Charles Schwab reported November 2025 total client assets of $11.83 trillion, up 14.8% year‑over‑year, with client assets receiving ongoing advisory services at $5.97 trillion (+15.4% YoY). Core net new assets were $40.4 billion, a strong 40.3% increase versus last November but down 9% sequentially, and the stock has risen 8.6% over six months versus a 24.5% industry gain; Schwab carries a Zacks Rank #3 (Hold).

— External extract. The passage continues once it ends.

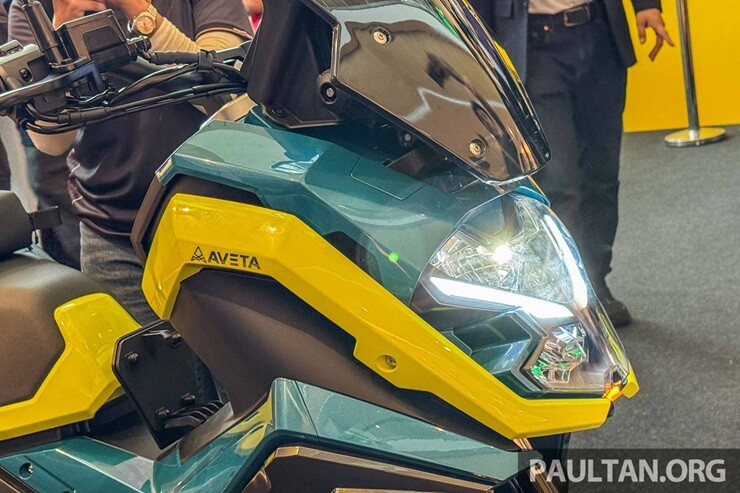 Ra mắt xe ga giáo 60 triệu đồng thách thức “vua tay ga” Honda - 2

Balance‑sheet composition shows a mix of stabilization and rotation: average interest‑earning assets were $436.3 billion (+2.5% YoY), average margin balances jumped to $108.9 billion (+41.5% YoY), while average bank deposits fell to $73.8 billion (‑12.5% YoY). Schwab opened 365,000 new brokerage accounts in November (+2.2% YoY, ‑14.9% sequentially) and active brokerage accounts reached 38.3 million (+5.6% YoY), indicating steady client engagement but softer sequential acquisition. Peer data underline industry momentum: Interactive Brokers’ DARTs rose 29% YoY and Robinhood’s platform assets increased 66.8% YoY, signaling durable trading and asset growth across competitors. Key near‑term implications are a potential revenue mix shift toward margin and advisory fees and a risk that continued deposit declines or further sequential NNA softening could pressure net interest income and liquidity metrics.